In the middle of last month’s financial meltdown, a remarkable event occurred in London. While the City of London was shaken by the collapse of Lehman Brothers and the run on HBOS, Sotheby’s staged a record-breaking auction for the works of the artist Damien Hirst, which produced a gross take of around US$200 million.
Compared with the value that was being destroyed on Wall Street, this was small change; but it was a remarkable vote of confidence in the work of one artist.
Financial bubbles, like the one that has just definitively burst, are intimately related to the world of art. Renaissance Florence depended on the patronage of the Medici. Sixteenth-century Venice turned the wealth of the spice trade into the canvases of Titian and Tintoretto.
The world’s next great commercial center was Amsterdam, where again the successful burghers pushed for a new style of art and produced the age of Rembrandt. The great 19th and early 20th-century financiers, men like J.P. Morgan, Henry Frick and Andrew Mellon, spent a large part of their fortunes on art.
From their viewpoint, collecting art was not simply a matter of benevolence or public spiritedness. Nor was it simply a very expensive hobby. Their galleries showed in a visible and very public way the discernment and judgment that their financial business depended on.
Financial judgment, by contrast, is not by its nature open to inspection. It depends on inside deals, on moving ahead of the market. It is impossible to tell who is making good bets and who is gambling recklessly. Consequently, it is helpful to have a proxy activity that enables outsiders to see that the process of discernment and valuation really occurs.

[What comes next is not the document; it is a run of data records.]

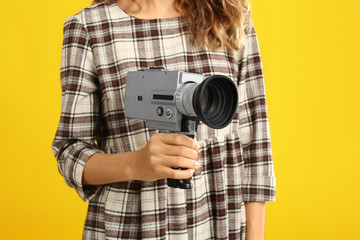 Woman with vintage video camera on yellow background, closeup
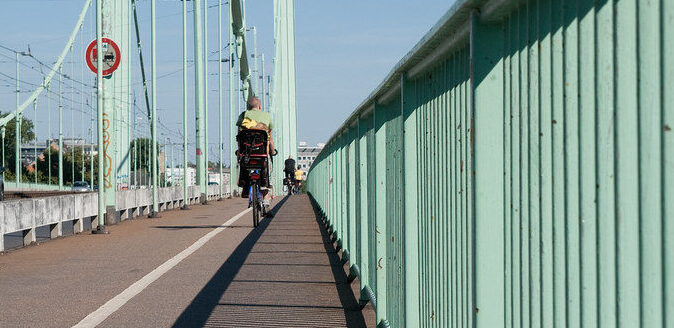 Radfahrer auf der Mülheimer Brücke mit Blick auf die Brückenpfeiler.
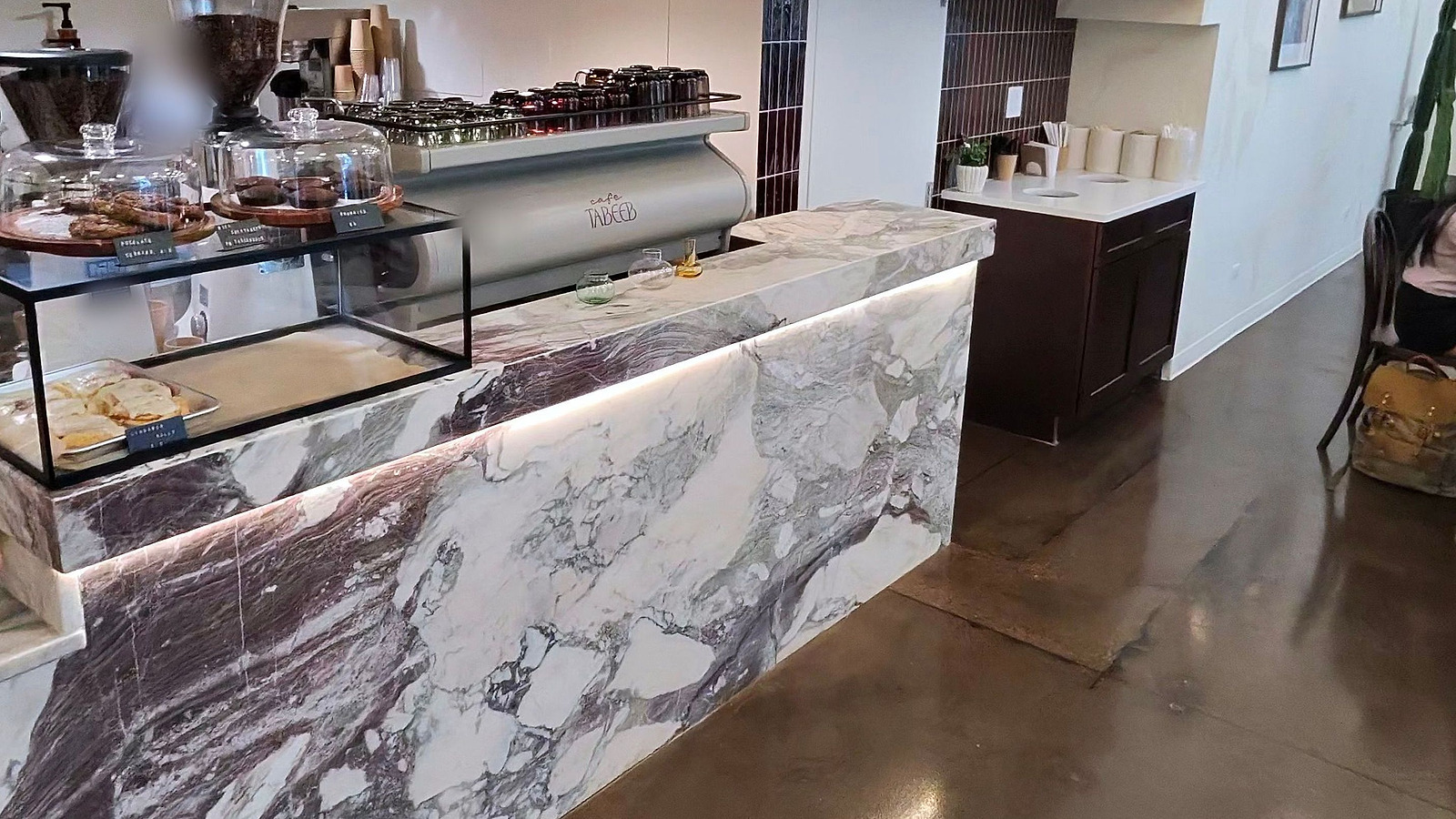 A finished cafe service counter clad in veined purple and white marble, lit from beneath the lip, with the espresso bar behind it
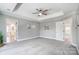 Main bedroom with gray walls, ceiling fan, and carpet at 9236 Silver Pine Dr, Charlotte, NC 28277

The recent era of global finance — maybe we can already possibly speak of it as being past — differed from the financial surge of a century ago. Its cultural manifestations also appeared to be novel.
To some of its participants, collecting contemporary art showed how finance had become much more of a creative process than it was in the world of the older financiers. Morgan or Mellon collected largely old masters from the cinquecento, whose reputation was clearly and solidly established.
The new art collectors, however, were more like the Medici: they were really stimulating new cultural creation. As with their investments, the habitues of contemporary art markets relied not purely on their own judgment, but on teams of sophisticated advisers and dealers who could give opinions on what trends best caught the spirit of the age.
Naive outsiders found the world of contemporary art bewildering. Why was a cow preserved in formaldehyde a great cultural achievement? What did the sheets of cloth covered by regularly interspersed colored dots — the products of Hirst’s large and mechanized workshops — have to do with artistic innovation or originality?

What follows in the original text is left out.